Nebati, Yılman’ın Çin modeli sorusuna “Bizim modelimiz Çin Modeli, Güney Kore modeli filan değil. Bu, Türkiye modeli. Çin kendi modeliyle var olabilir ama bizim modelimiz farklı” diye yanıt verdi.
“Faiz arttırmamaya kesin kararlıyız” diyen Nebati, Merkez Bankası’nın kura müdahalelerinin yeni ekonomik modele uygun olup olmadığı sorusu üzerine de “Tabii… Çünkü dışarıdan herhangi bir saldırı yok! Çok net olarak söylüyorum. İçeride birkaç manipülatif, spekülatif işlemler var. Merkez Bankası da onların bu hamlelerine karşı hamle yapıyor” yanıtını verdi.
“Erdoğan’a rağmen asla bir şey yapmam”
Despotik bir yönetim anlayışı olmadığını söyleyen Nebati, “Demokratik ve serbest piyasaya inanan bir kişiyim” dedi.
Bakan, Cumhurbaşkanı Erdoğan için “Liderimize bağlıyız.
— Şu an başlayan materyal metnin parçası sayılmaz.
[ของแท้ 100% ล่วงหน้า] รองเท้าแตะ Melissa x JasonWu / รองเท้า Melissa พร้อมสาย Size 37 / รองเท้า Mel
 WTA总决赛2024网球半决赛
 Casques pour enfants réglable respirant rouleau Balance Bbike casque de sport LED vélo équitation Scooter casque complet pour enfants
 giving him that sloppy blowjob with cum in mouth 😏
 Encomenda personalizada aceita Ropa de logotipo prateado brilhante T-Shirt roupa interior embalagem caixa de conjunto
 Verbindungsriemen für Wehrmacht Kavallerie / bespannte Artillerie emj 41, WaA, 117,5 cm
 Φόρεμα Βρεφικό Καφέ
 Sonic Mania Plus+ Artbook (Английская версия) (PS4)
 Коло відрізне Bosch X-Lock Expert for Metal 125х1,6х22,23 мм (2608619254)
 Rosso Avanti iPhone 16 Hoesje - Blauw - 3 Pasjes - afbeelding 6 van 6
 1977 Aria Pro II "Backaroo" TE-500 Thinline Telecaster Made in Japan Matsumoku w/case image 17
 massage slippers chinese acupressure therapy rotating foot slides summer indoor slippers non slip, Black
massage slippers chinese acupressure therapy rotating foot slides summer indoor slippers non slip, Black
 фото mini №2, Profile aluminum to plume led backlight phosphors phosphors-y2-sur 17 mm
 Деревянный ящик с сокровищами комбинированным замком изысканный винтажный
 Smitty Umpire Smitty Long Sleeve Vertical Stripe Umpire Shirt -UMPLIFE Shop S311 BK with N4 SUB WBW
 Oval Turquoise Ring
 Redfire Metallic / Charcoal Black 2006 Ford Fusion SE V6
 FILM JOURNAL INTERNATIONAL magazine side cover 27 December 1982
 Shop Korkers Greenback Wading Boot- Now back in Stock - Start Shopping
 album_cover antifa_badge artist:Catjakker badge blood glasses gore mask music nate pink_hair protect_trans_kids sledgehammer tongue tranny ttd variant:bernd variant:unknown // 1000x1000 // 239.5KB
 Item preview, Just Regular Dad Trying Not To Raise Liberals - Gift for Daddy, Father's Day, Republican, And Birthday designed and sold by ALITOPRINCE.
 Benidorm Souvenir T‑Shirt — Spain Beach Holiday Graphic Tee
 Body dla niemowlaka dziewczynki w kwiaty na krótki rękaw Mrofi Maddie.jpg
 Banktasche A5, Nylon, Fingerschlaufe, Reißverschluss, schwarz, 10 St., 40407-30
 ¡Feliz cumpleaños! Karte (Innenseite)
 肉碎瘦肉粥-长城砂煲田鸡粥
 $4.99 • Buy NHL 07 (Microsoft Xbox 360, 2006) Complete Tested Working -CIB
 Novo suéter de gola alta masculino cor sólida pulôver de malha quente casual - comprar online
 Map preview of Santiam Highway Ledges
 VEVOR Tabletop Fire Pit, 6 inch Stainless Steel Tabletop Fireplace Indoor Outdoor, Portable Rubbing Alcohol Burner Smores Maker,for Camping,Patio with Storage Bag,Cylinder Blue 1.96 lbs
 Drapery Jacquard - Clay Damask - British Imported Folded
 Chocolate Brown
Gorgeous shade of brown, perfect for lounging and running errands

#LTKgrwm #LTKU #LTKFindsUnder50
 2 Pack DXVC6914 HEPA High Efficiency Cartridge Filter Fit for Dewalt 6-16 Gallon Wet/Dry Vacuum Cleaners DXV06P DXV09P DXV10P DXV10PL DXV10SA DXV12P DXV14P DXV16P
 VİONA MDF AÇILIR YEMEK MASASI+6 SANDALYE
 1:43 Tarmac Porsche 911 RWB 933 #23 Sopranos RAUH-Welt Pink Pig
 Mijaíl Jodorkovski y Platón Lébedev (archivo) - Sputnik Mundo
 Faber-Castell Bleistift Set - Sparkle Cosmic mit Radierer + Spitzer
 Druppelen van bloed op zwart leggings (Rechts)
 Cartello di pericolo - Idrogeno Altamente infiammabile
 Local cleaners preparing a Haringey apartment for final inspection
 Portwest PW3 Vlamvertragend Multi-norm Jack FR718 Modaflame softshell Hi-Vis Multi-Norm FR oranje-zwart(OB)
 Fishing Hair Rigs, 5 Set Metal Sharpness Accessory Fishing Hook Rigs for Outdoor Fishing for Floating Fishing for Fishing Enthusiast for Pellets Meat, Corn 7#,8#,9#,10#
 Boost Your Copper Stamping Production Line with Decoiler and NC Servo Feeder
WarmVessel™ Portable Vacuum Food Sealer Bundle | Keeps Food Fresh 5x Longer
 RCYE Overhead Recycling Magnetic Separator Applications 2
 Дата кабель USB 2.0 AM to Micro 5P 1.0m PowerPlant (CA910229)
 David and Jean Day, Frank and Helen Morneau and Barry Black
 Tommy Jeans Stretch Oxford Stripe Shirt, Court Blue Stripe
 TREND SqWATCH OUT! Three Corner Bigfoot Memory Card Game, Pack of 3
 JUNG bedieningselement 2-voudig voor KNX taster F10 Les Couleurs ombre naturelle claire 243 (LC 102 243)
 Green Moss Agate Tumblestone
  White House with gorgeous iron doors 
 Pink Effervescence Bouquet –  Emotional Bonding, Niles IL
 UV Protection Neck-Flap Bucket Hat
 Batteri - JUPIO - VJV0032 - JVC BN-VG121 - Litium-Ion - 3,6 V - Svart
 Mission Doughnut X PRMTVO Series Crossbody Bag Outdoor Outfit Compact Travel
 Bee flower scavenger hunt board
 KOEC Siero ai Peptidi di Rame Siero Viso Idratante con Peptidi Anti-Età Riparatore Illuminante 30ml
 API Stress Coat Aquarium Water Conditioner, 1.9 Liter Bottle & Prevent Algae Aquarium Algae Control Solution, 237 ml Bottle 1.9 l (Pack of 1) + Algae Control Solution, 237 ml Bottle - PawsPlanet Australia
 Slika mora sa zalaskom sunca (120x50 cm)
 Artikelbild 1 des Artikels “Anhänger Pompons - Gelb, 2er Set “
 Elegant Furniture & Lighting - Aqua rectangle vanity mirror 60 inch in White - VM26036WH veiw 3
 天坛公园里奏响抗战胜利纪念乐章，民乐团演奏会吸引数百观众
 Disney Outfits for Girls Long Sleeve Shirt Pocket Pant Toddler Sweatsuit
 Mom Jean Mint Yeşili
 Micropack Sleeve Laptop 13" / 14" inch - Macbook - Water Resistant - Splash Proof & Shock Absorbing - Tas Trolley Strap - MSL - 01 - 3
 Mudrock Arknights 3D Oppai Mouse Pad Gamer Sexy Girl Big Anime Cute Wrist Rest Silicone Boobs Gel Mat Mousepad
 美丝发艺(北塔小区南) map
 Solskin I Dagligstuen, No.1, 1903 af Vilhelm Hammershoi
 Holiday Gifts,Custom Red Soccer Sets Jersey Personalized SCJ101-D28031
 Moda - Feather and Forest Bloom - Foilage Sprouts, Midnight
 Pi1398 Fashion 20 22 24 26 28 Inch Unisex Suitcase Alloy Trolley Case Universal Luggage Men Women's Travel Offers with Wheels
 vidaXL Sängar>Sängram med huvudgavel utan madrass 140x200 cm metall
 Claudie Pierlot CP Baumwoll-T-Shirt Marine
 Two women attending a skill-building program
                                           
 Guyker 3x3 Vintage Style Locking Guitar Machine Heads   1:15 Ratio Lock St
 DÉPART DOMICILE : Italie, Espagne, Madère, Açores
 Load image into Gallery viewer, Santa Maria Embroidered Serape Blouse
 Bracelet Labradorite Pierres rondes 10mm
Tayyip Erdoğan’a rağmen asla bir şey yapmam! Bunu da net söylüyorum. Herkes bilsin” diye konuştu.
“Cumhurbaşkanı Erdoğan’ın TÜSİAD’la ilgili yorumlarına katılıyor musunuz” sorusuna “O ifadeler, yorumlar Sayın Cumhurbaşkanımızın kendisinindir. O benim liderim. Ama benim tarzımı, düşüncelerimi, tutumumu, olaylara karşı bakış açımı herkes bilir” diye karşılık verdi.
Ekonomideki sorunları için “bize güvendiğiniz anda bu iş çözülür” diyen Nebati, modelin tutmaması durumunda üzüleceğini anlattı:
“Çünkü ya kahramanı olacağım çocuklarımın. Ya da boynu bükük bir şekilde eve döneceğim ve onların da boynunu bükmüş olacağım. Boynum bükülürse işçilerin artık mutlu olmadığını, patronların benden nefret ettiğini, Türkiye’ye zarar verdiğimi düşünür, üzülürüm.”
Nebati kendilerine inanmayanlara şöyle seslendi:
“Sen maaş alıyorsun. En fazla neyini kaybedersin? Enflasyonun altında ezilirsin. Ama ben bütün varlığımı kaybederim bu iş düzelmezse eğer. 1000 çalışanımız var. 1000 kişiyle beraber bütün varlığımı kaybederim. Ben babadan görme bir insanım. Babamın bana bıraktıklarını kaybederim. Ben bunu göze alır mıyım Sevilay Hanım? Bu işi ya düzelecek ya düzelecek! Yeter ki bize güvenilsin, inanılsın!”